** YOUR GOAL **
Write out the data word for word and omit every picture.

** THE DATA **
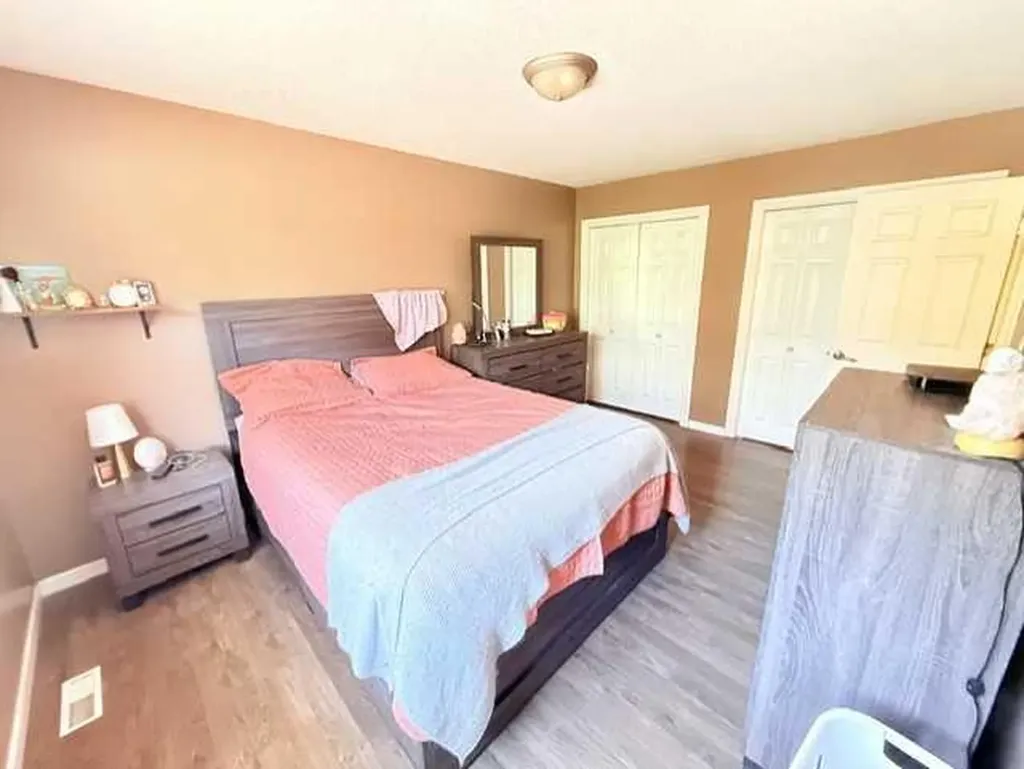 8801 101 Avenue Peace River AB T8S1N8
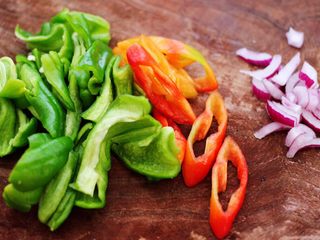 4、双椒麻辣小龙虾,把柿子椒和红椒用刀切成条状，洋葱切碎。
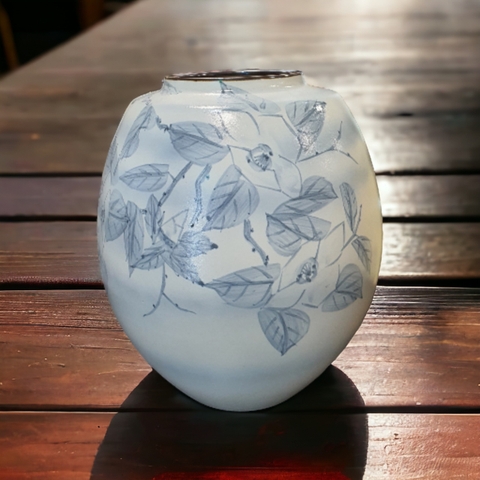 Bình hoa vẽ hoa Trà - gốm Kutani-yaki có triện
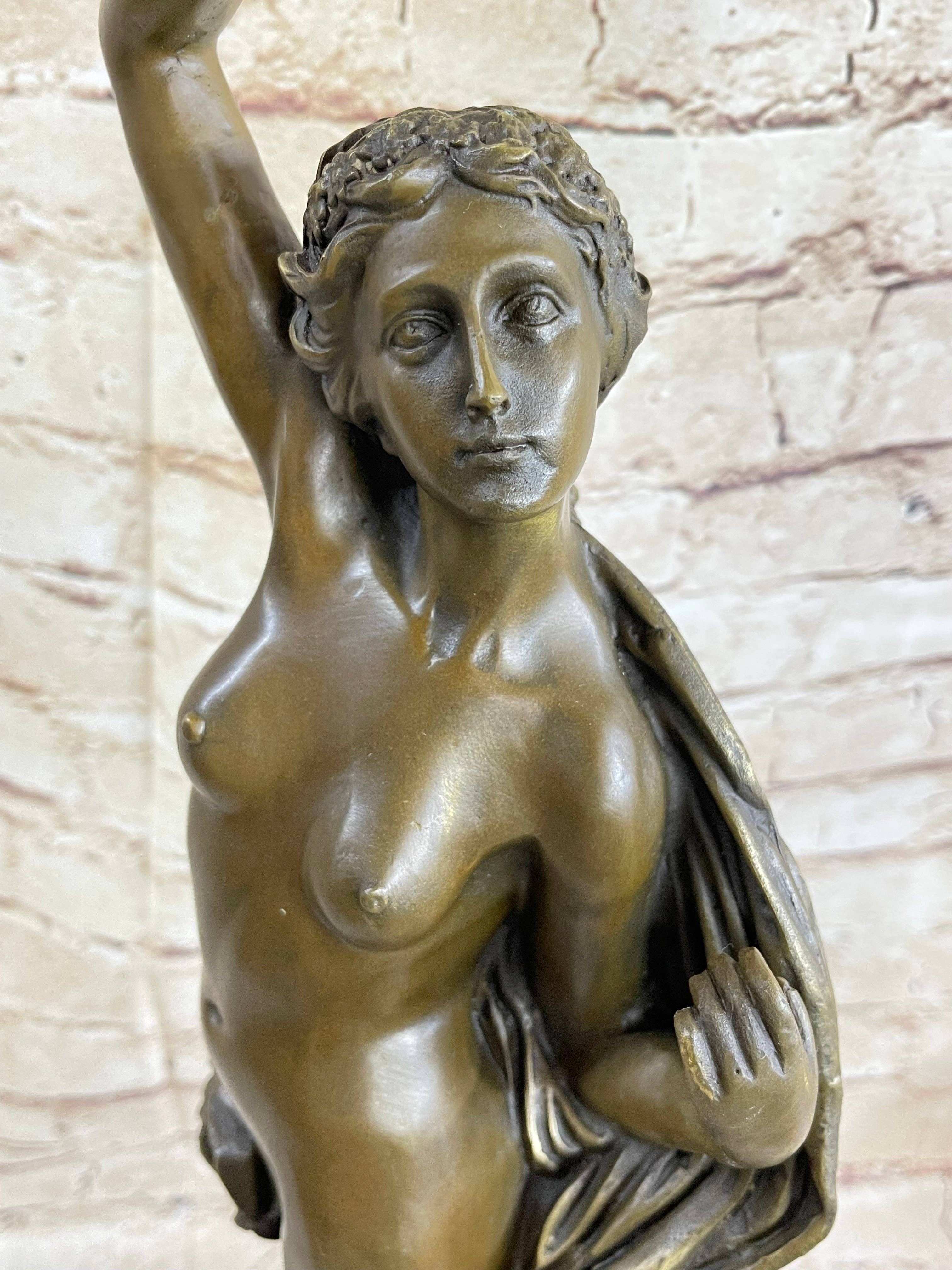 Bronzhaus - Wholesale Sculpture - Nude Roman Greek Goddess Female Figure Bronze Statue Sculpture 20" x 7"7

** OUTPUT OF THE TASK **
 8801 101 Avenue Peace River AB T8S1N8
 4、双椒麻辣小龙虾,把柿子椒和红椒用刀切成条状，洋葱切碎。
 Bình hoa vẽ hoa Trà - gốm Kutani-yaki có triện
 Bronzhaus - Wholesale Sculpture - Nude Roman Greek Goddess Female Figure Bronze Statue Sculpture 20" x 7"7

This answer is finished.